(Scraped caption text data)
:::

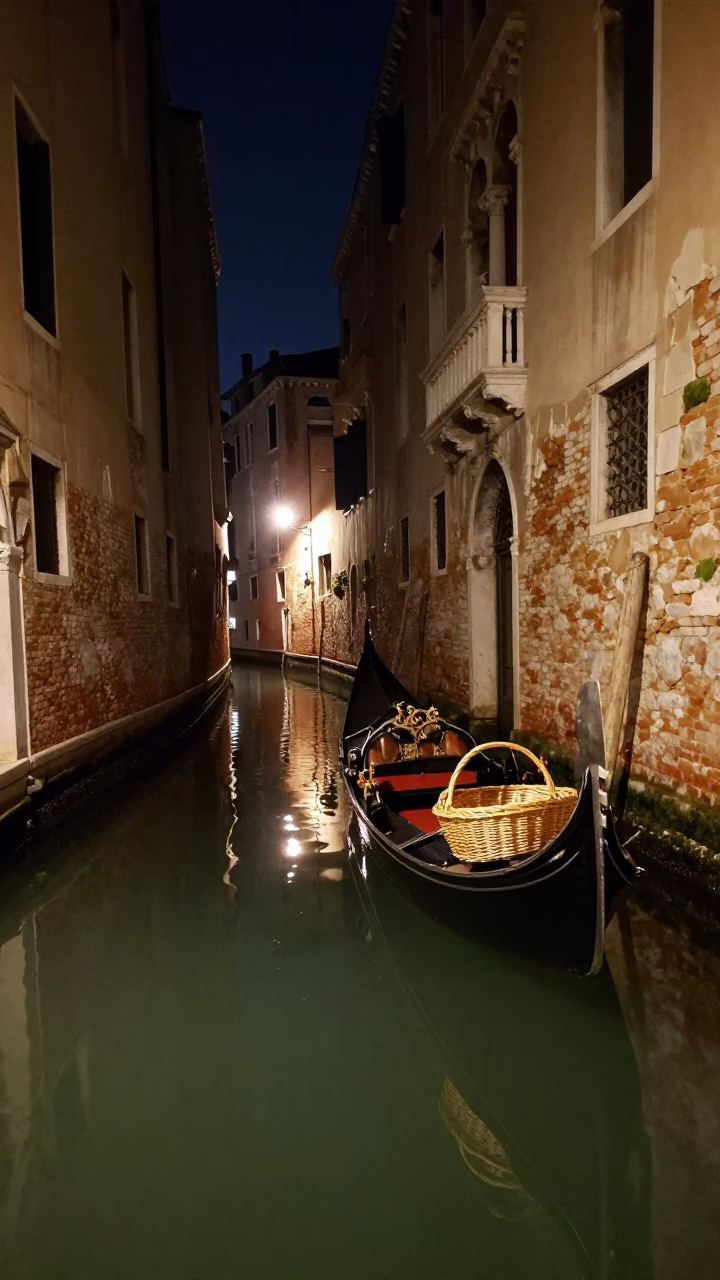 Nocturnal Venice Canal Reflections with Wicker Basket and Bar Soap in in Venice, Italy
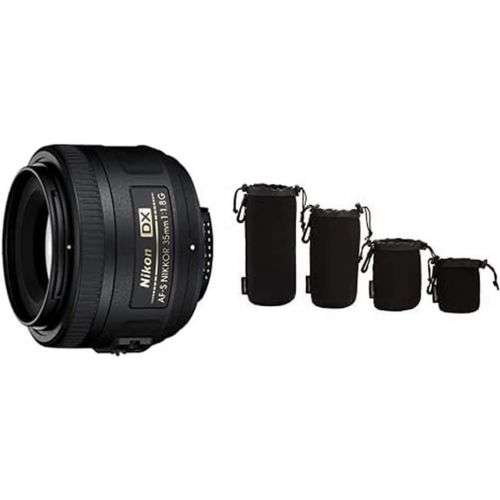  Nikon AF-S DX NIKKOR 35mm f/1.8G Lens with Auto Focus with Camera Lens Protective Pouches - Water Resistant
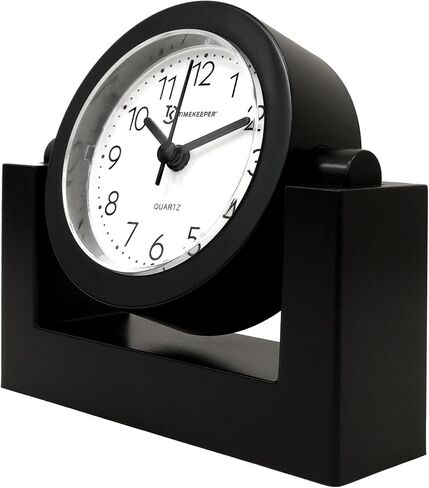 Timekeeper Small Desktop Swivel Clock for Desk, Battery Operated, 6.75" Wide x 2" Tall, Black Frame White Face in Saudi Arabia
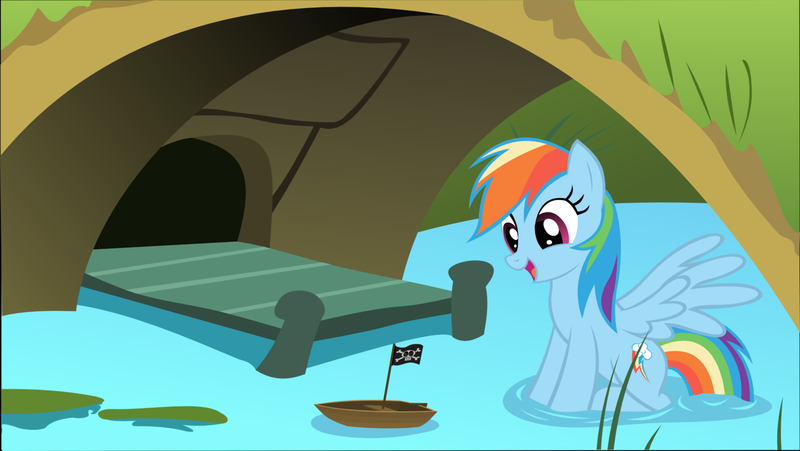 Size: 1600x901 | Tagged: artist needed, source needed, safe, derpibooru import, rainbow dash, cute, dashabetes, happy, pirate ship, sitting, solo, toy boat, vector, water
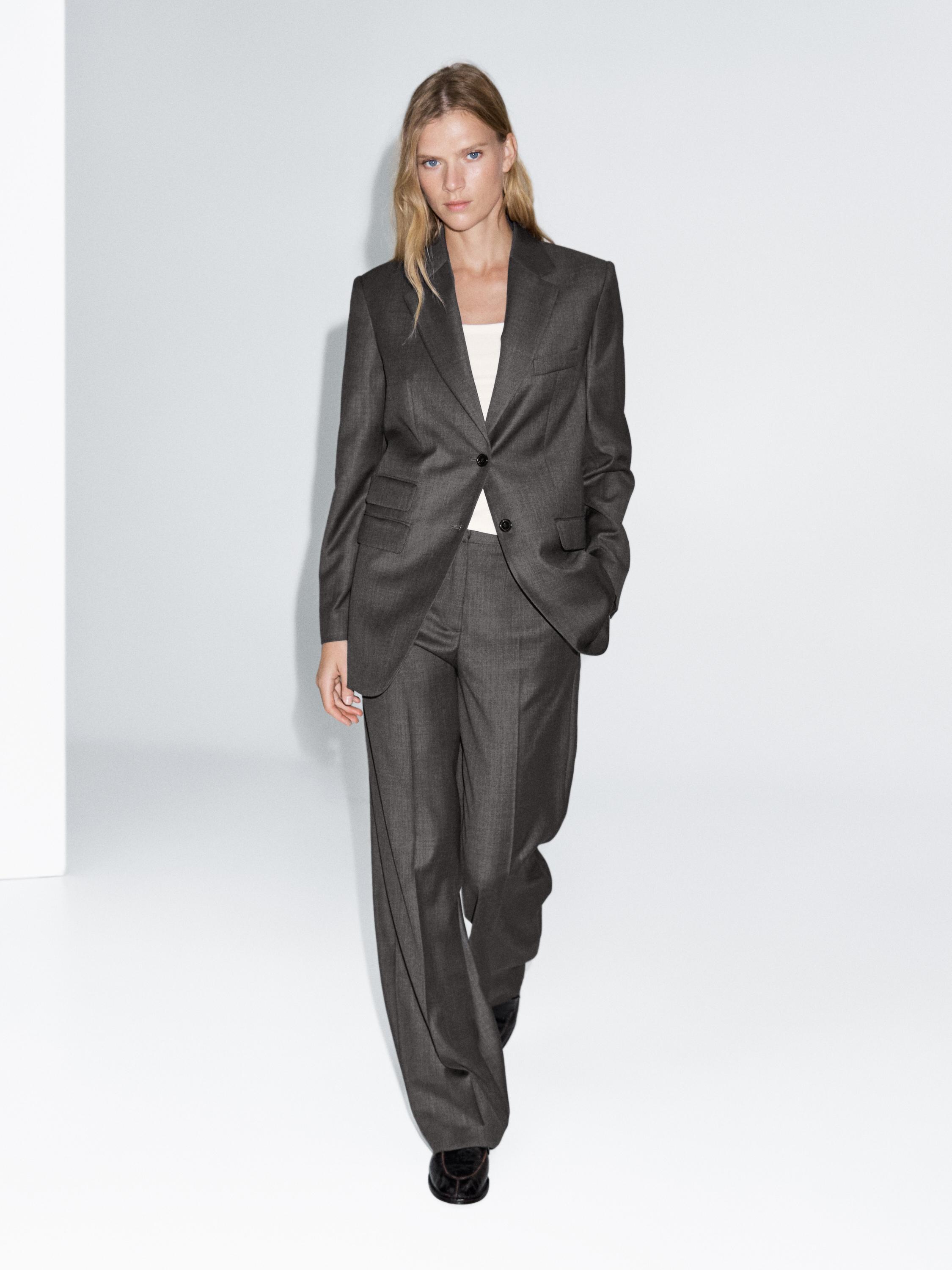 100% wool wide-leg suit trousers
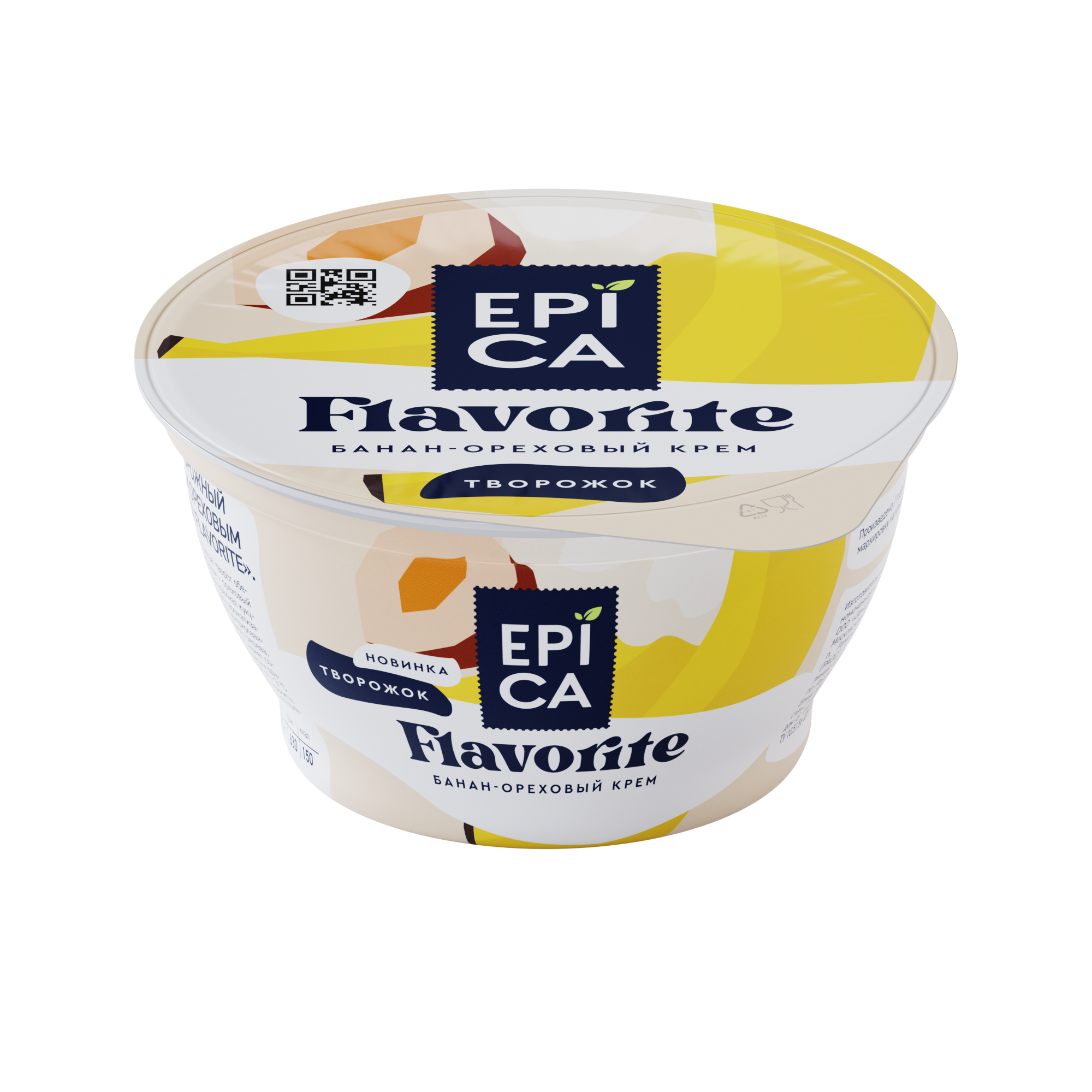 Десерт творож EPICA FLAVORITEс бан/орех крем 130 г 7,6% 40 сут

:::

** What this task involves **
Set down again, exactly, every line above from the one with "Nikon AF-S DX" down to the one with "Timekeeper Small Desktop", both ends included. No pictures, and nothing else.

** Written solution **
  Nikon AF-S DX NIKKOR 35mm f/1.8G Lens with Auto Focus with Camera Lens Protective Pouches - Water Resistant
 Timekeeper Small Desktop Swivel Clock for Desk, Battery Operated, 6.75" Wide x 2" Tall, Black Frame White Face in Saudi Arabia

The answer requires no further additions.